Vigil
Microservices Status Page. Monitors a distributed infrastructure and sends alerts to Slack.
Vigil is an open-source Status Page you can host on your infrastructure, used to monitor all your servers and apps, and visible to your users (on a domain of your choice, eg. status.example.com
).
It is useful in microservices contexts to monitor both apps and backends. If a node goes down in your infrastructure, you receive a status change notification in a Slack channel.
👉 See a live demo of Vigil on Crisp Status Page.
Who uses it?
👋 You use Vigil and you want to be listed there? Contact me.
Features
- Monitors automatically your infrastructure services
- Notifies you when a service gets down or gets back up (via a configured channel, eg. Slack or Email)
- Generates a status page, that you can host on your domain for your public users (eg.
https://status.example.com
)
How does it work?
Vigil monitors all your infrastructure services. You first need to configure target services to be monitored, and then Vigil does the rest for you.

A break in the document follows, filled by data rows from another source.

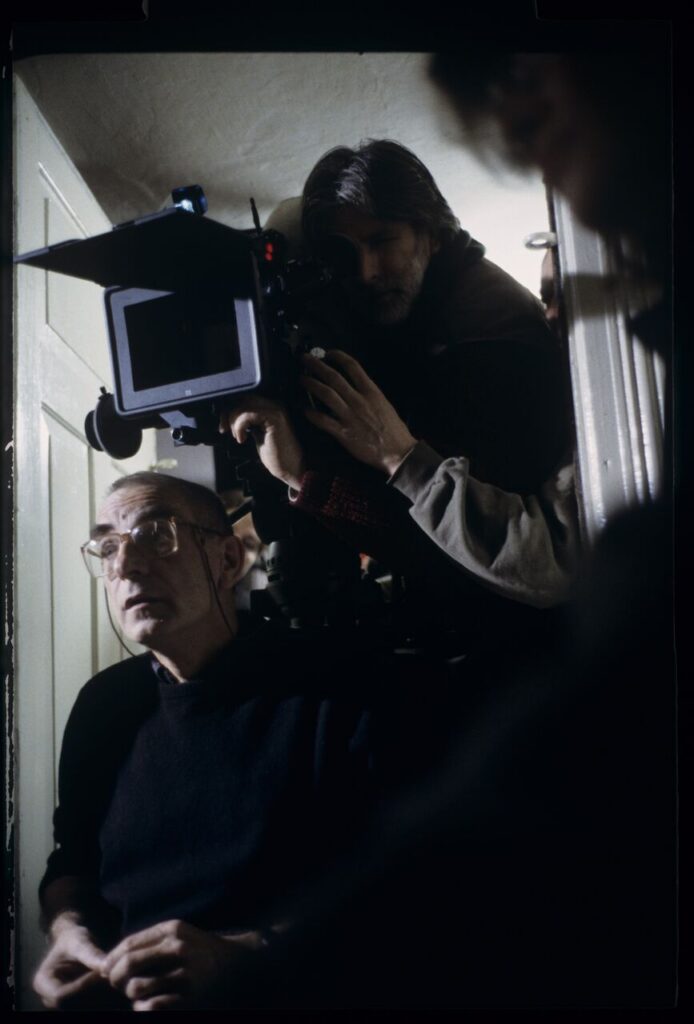 Krzysztof Kieślowski (director) and others during filming a scene.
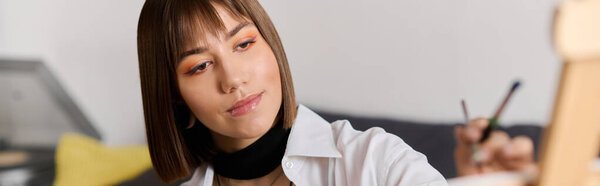 Young woman with short hair immerses herself in painting at home, showcasing her creativity.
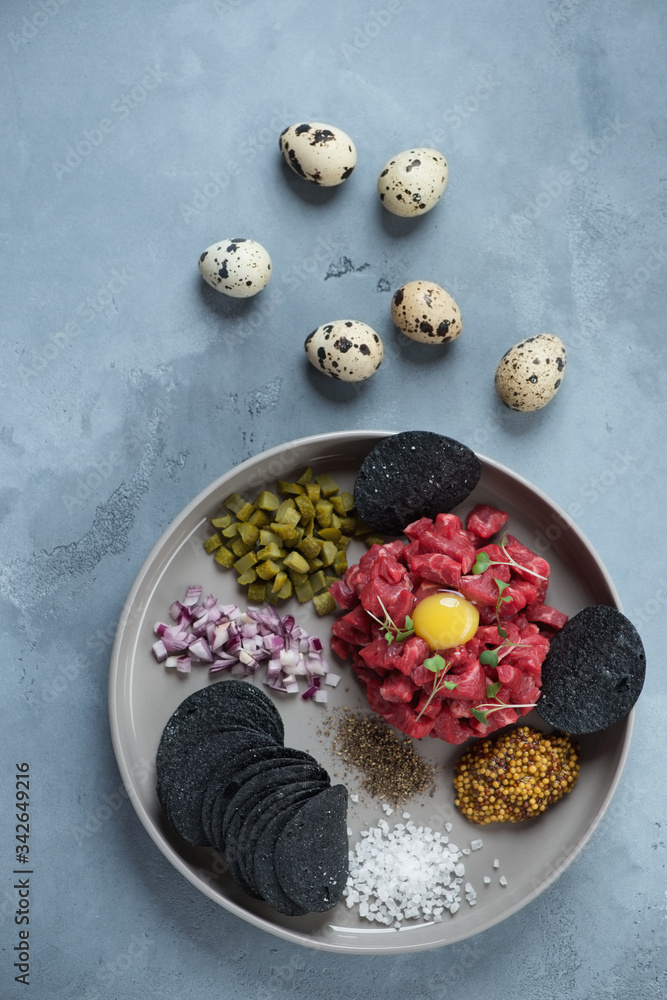 Round grey plate with beefsteak tartare, vertical shot on a grey concrete background, above view Round grey plate with beefsteak tartare, vertical shot on a grey concrete background, above view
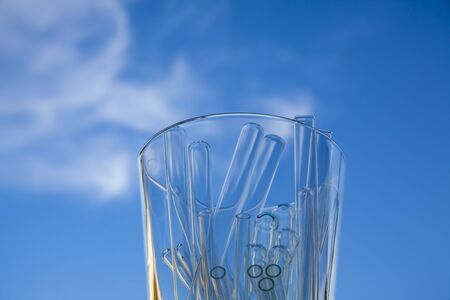 glass container full of empty glass tubes photographed on the sky background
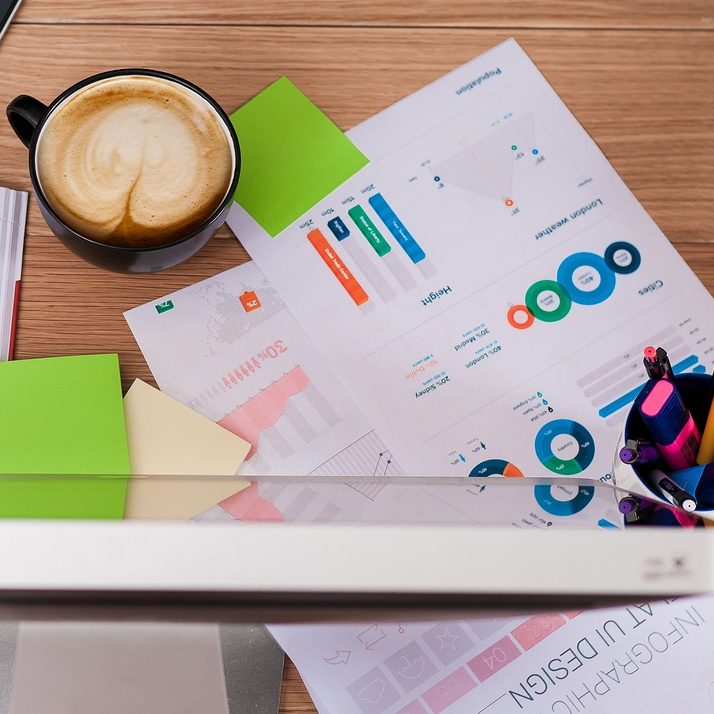 Kaffee, Notizen und Diagramme auf einem Tisch mit bunten Haftnotizen.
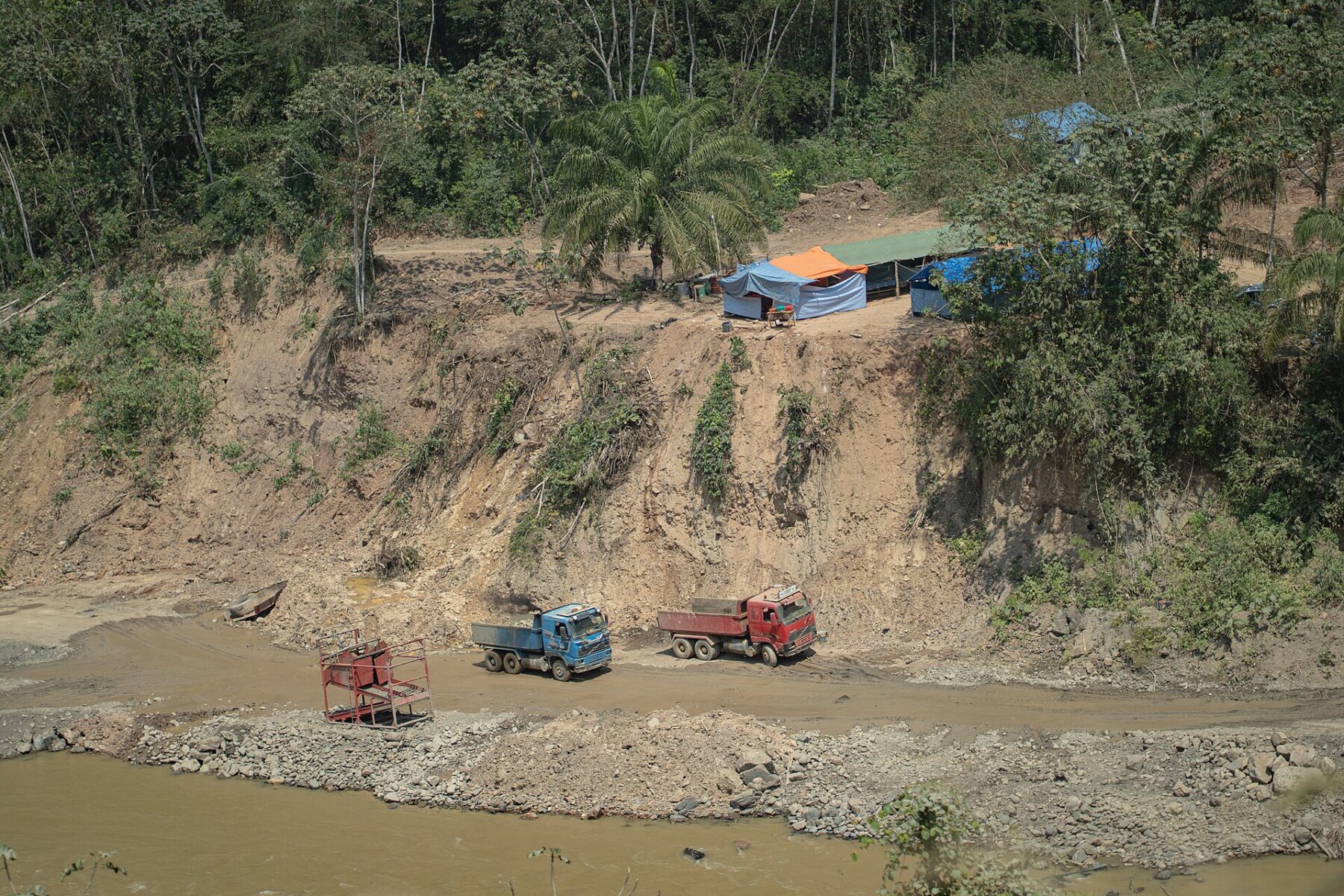 Dump trucks and makeshift camps beside a gold-mining site on the Mapiri River in Bolivia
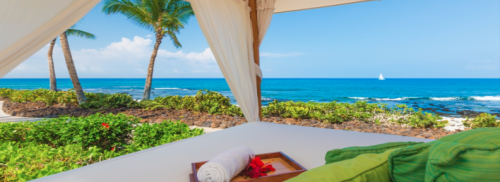 a white canopy with a tray of towels and a towel on it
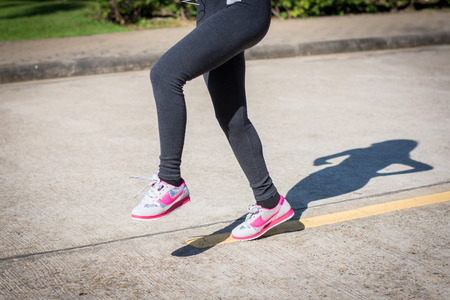 Woman jogging outdoor workout on park.の写真素材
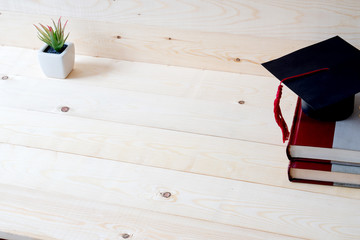 Graduation cap, hat on wood table graduation concept.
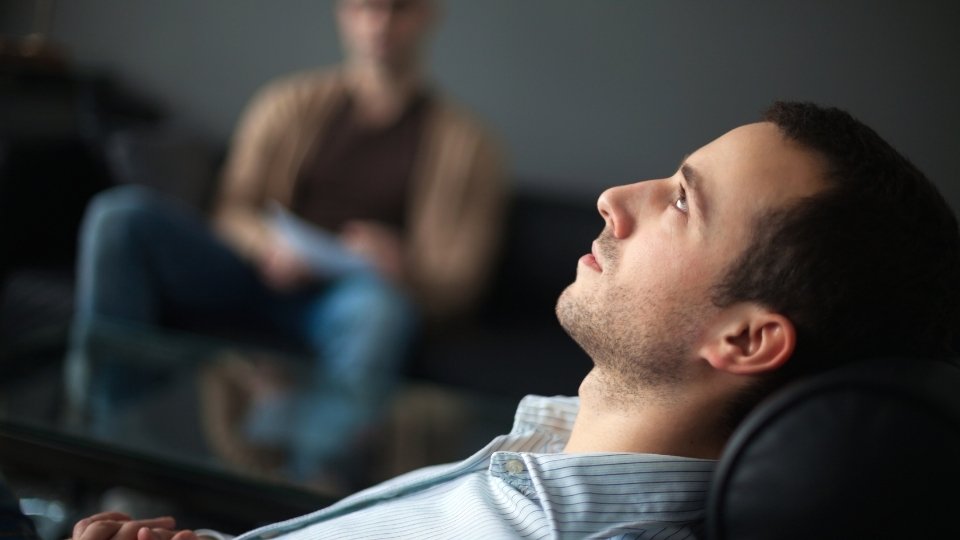 How Long Is Rehab for Alcohol? A man sits in therapy, wondering the answer to this question.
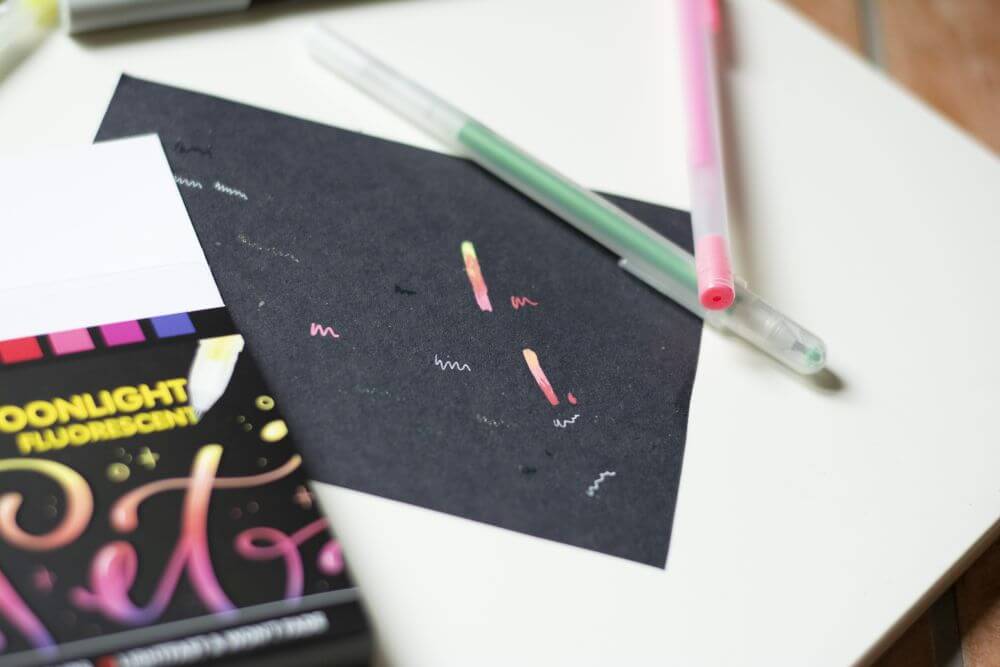 Nahaufnahme eines dunklen Schmierpapiers, auf dem die Eigenschaften der Gelstifte "Gelly Rolls" von Sakura getestet wurden.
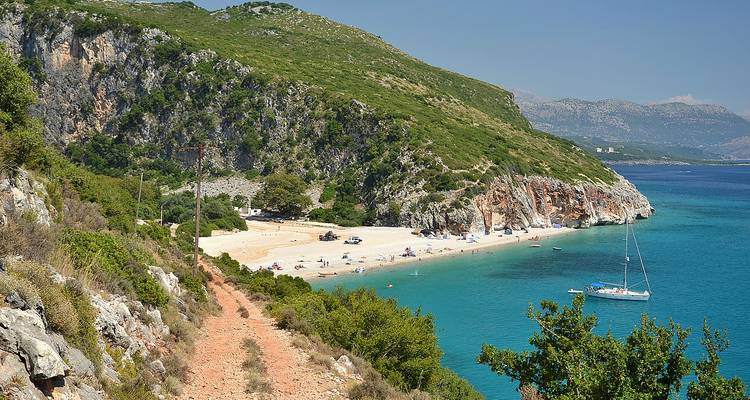 Secluded beach with a sailboat and mountainous background.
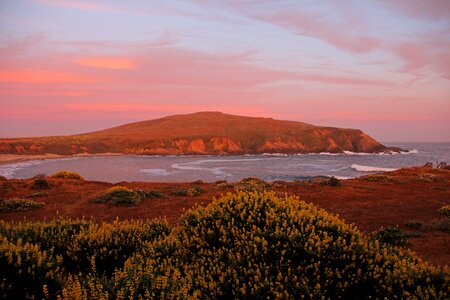 Ocean mountain sunset photo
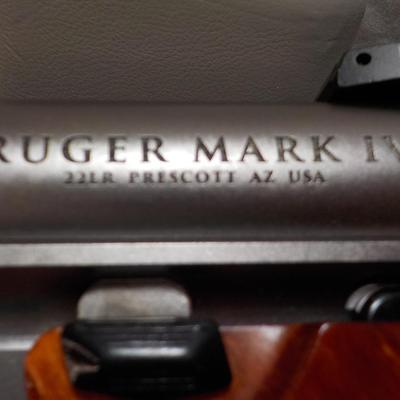 " Ruger Mark 1V Hunter , 22 cal pistol"' est. $500 to $810.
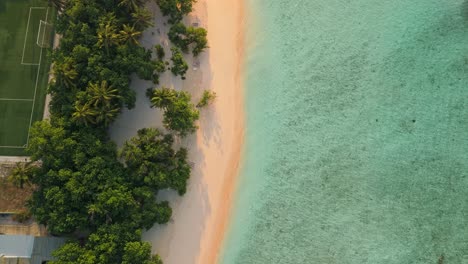 a breathtaking aerial drone view captures rasdhoo island bathed in the warm glow of sunset in the maldives.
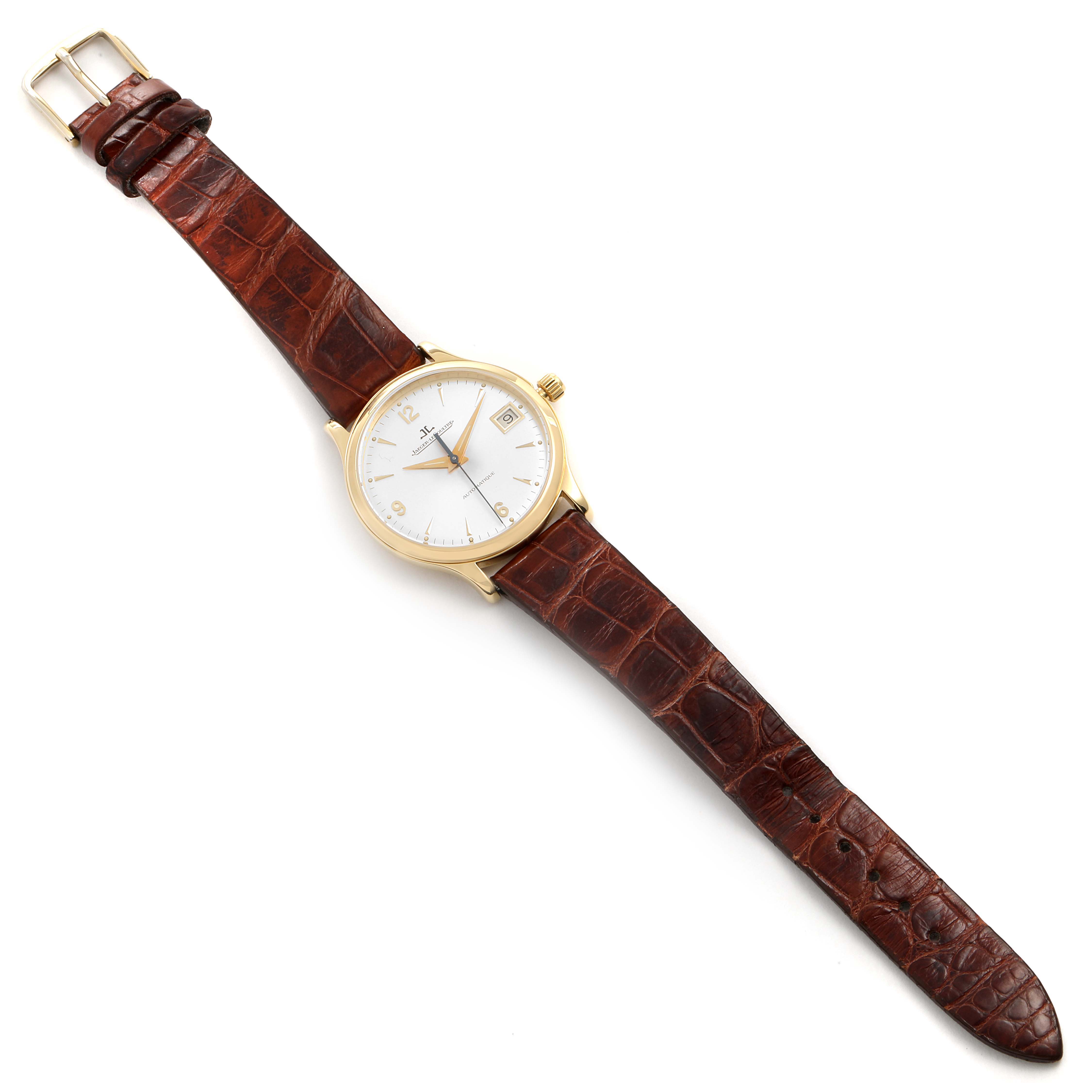 The image shows a Jaeger-LeCoultre Master watch from an above angle, displaying its round gold case, white dial, brown leather strap, and buckle.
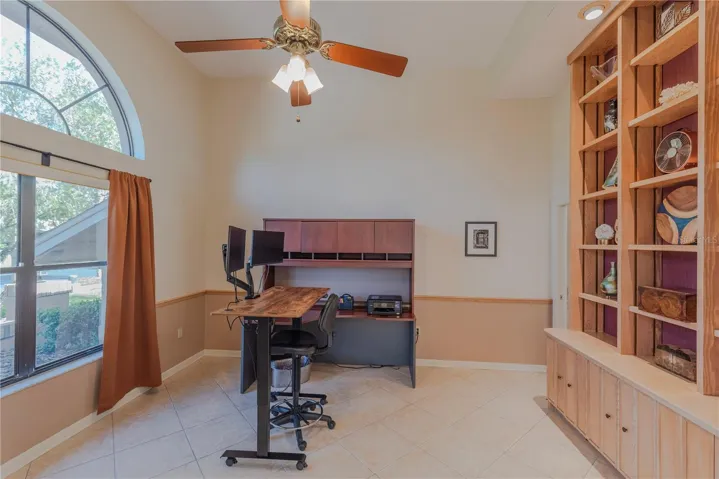 Executive office with arched window detail.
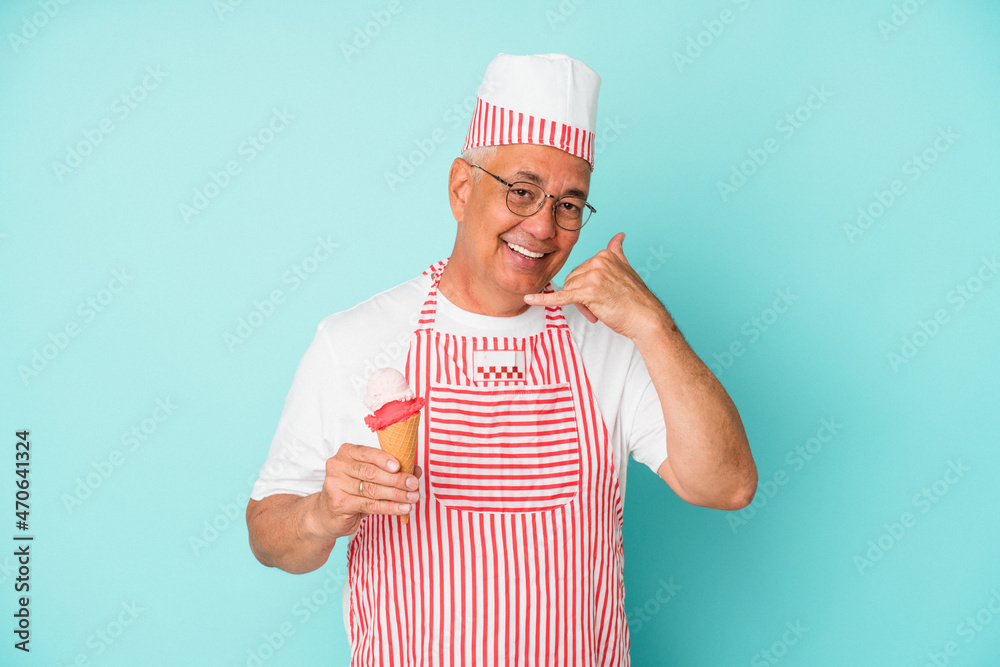 Senior american ice cream maker holding an ice cream isolated on blue background showing a mobile phone call gesture with fingers. Senior american ice cream maker holding an ice cream isolated on blue background showing a mobile phone call gesture with fingers.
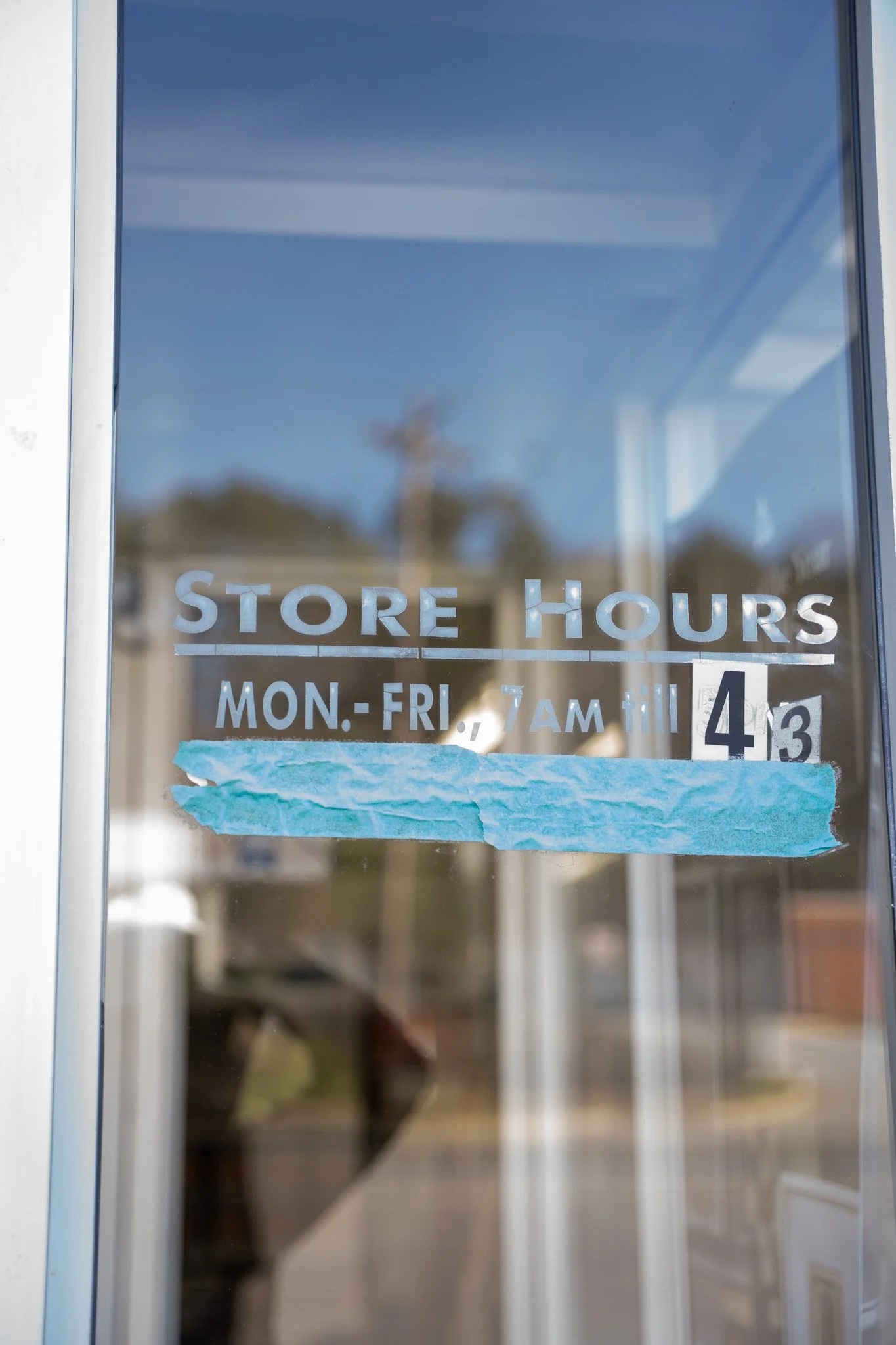 Store hours notice on glass door, indicating the store is open Monday to Friday from 7 am till 4:30 pm, the text is partially covered by a torn piece of blue paper.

There are two kinds of services Vigil can monitor:
- HTTP / TCP services: Vigil frequently probe a HTTP or TCP target and checks for reachability
- Application services: Install the Vigil Reporter library eg. on your NodeJS app and get reports when your app gets down, as well as when the host server system is overloaded
It is recommended to configure Vigil or Vigil Reporter to send frequent probe checks, as to ensure you are quickly notified when a service gets down (thus to reduce unexpected downtime on your services).
How to use it?
Installation
Install from releases:
The best way to install Vigil is to pull the latest release from the Vigil releases page.
Make sure to pick the correct server architecture (either Intel 32 bits, Intel 64 bits, or ARM).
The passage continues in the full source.